ABOUT THIS TASK:
Reproduce exactly the lines from the one containing "3543-3559 Wildwood Ln #3548 — Photo 14" through the end of the entries, including both. Drop the pictures.
== EXCERPTED RECORDS
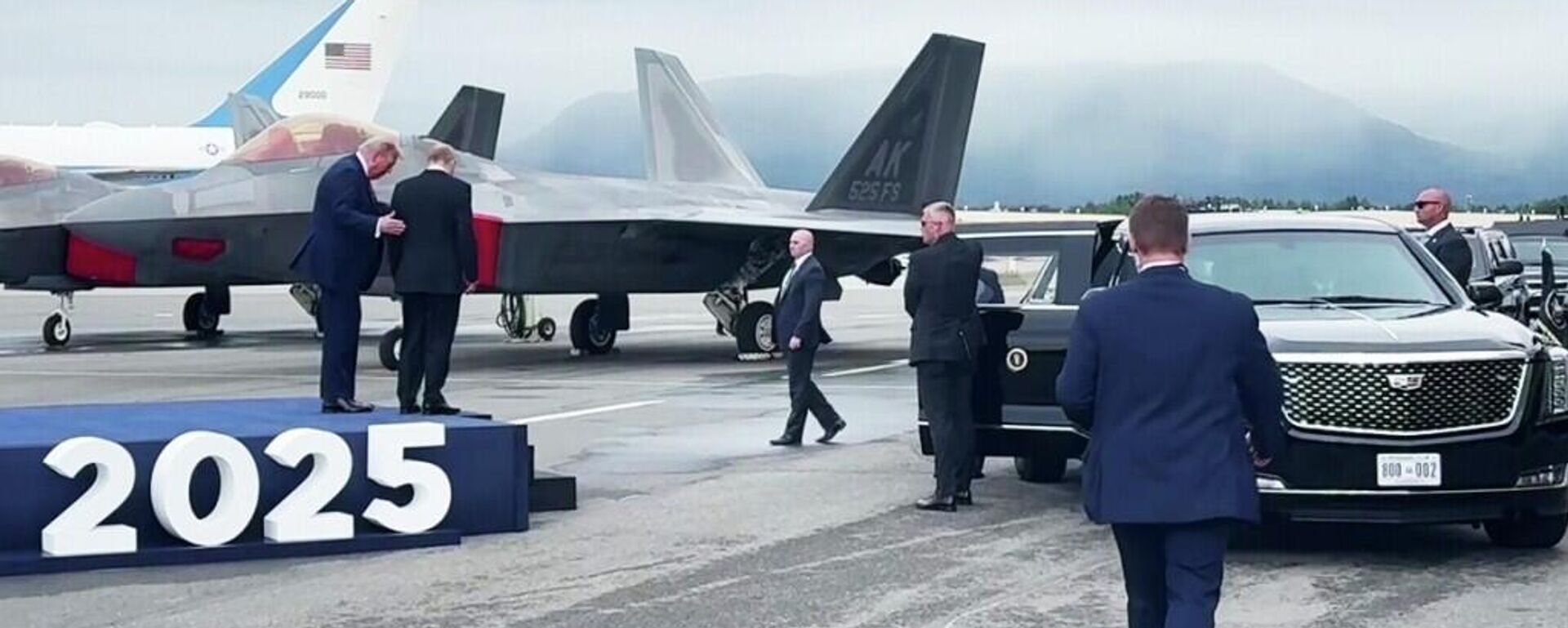 Президент РФ Владимир Путин и президент США Дональд Трамп - 俄罗斯卫星通讯社, 1920, 16.08.2025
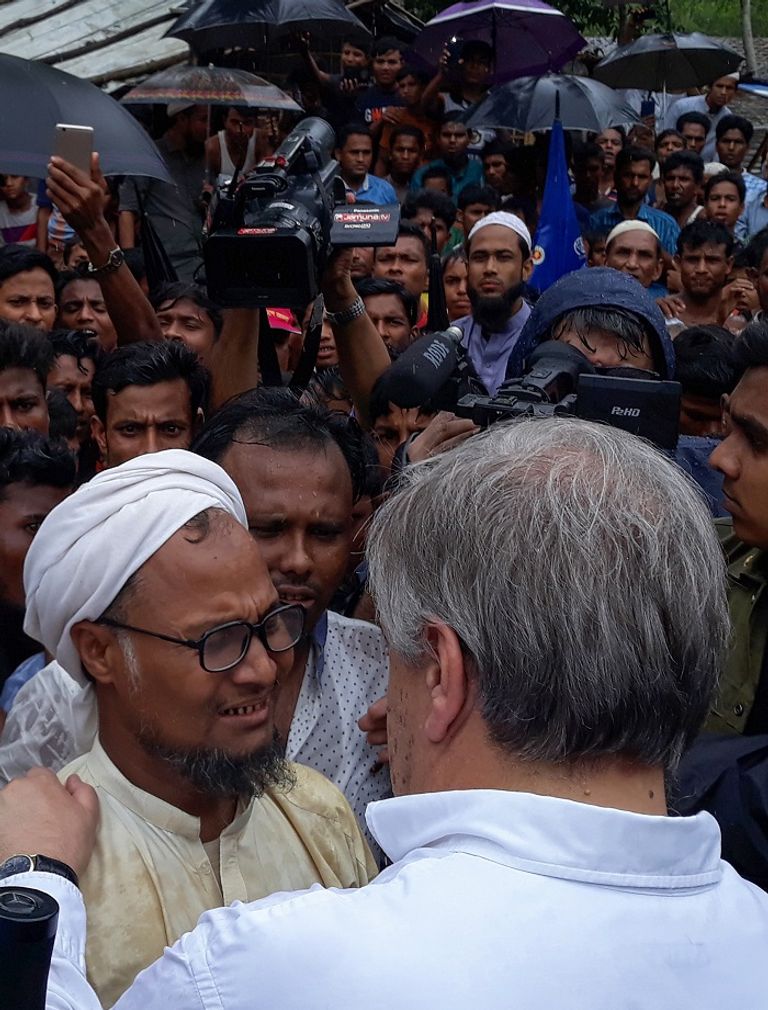 جوتيريش خلال زيارته مخيمات الروهينجا- أ.ف.ب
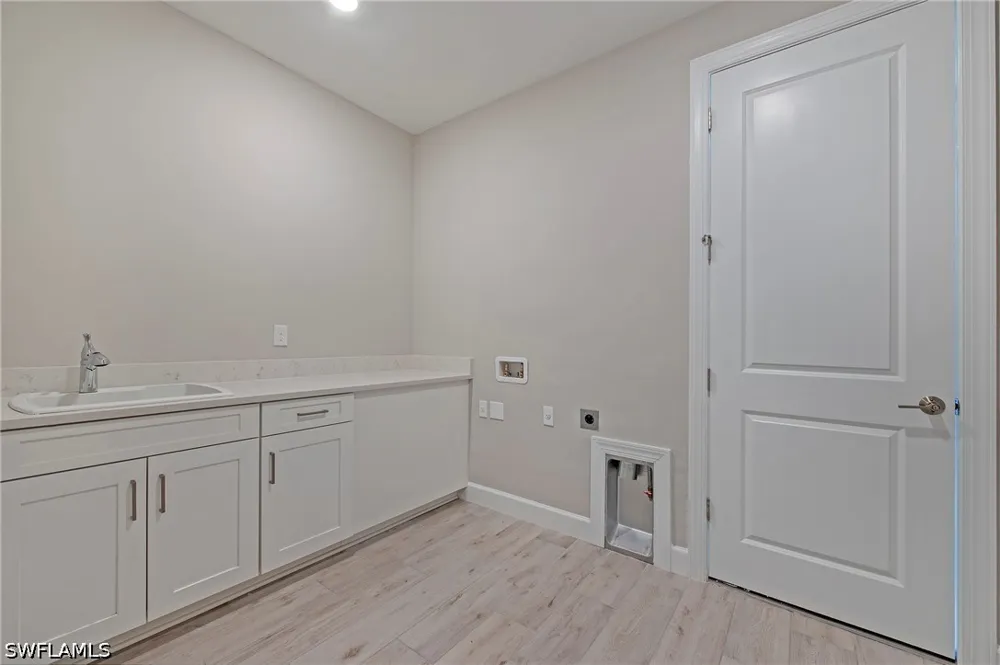Caravita Lane Lane Fort Myers, FL 33913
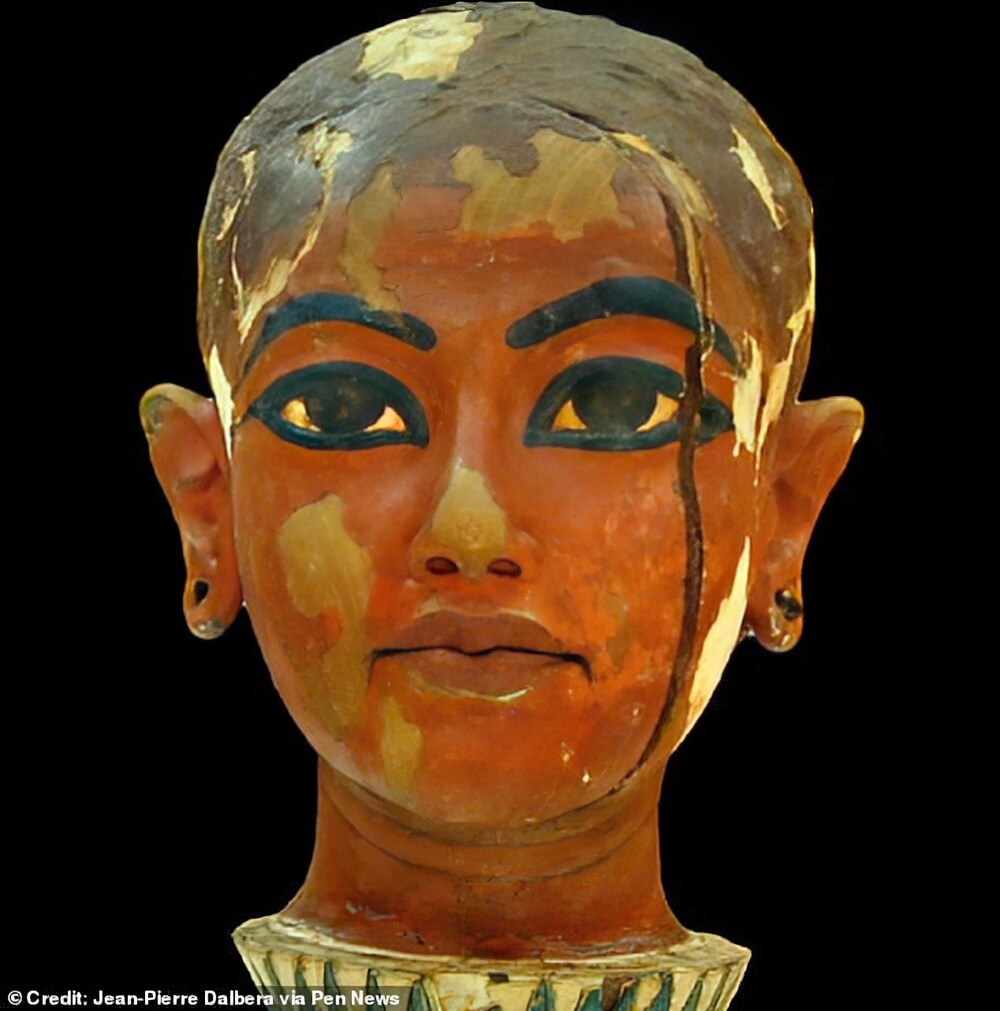 Изображение молодого фараона в детстве, найденное в его гробнице
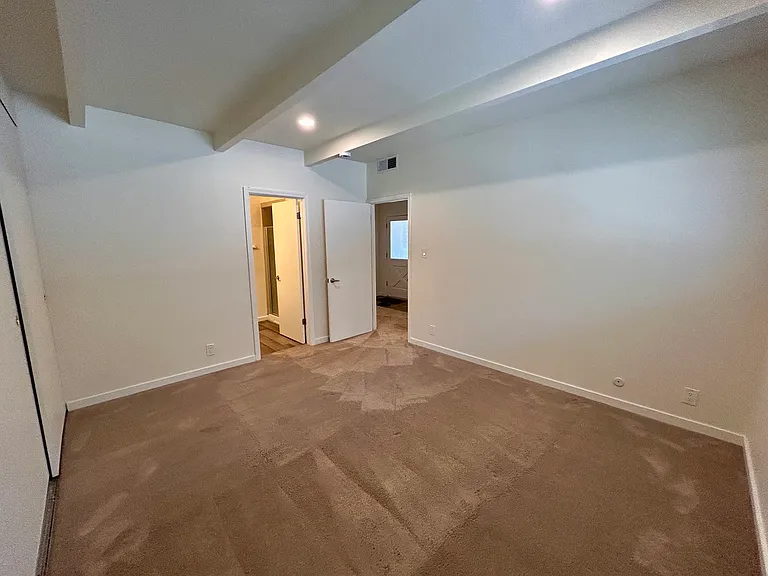 3543-3559 Wildwood Ln #3548 — Photo 14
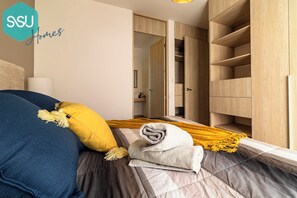2 chambres, fer et planche à repasser, Wi-Fi, draps fournis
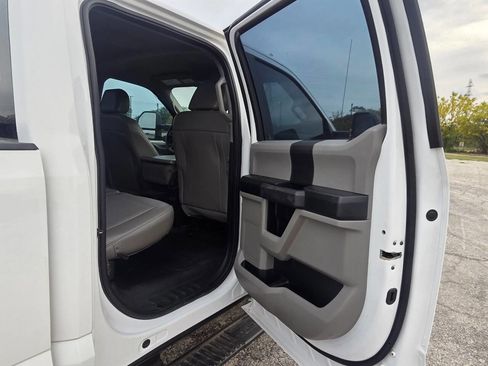Used 2019 Ford F250 XL w/ Power Equipment Group AWD/4WD image 23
====
OUTPUT:
 3543-3559 Wildwood Ln #3548 — Photo 14
2 chambres, fer et planche à repasser, Wi-Fi, draps fournis
Used 2019 Ford F250 XL w/ Power Equipment Group AWD/4WD image 23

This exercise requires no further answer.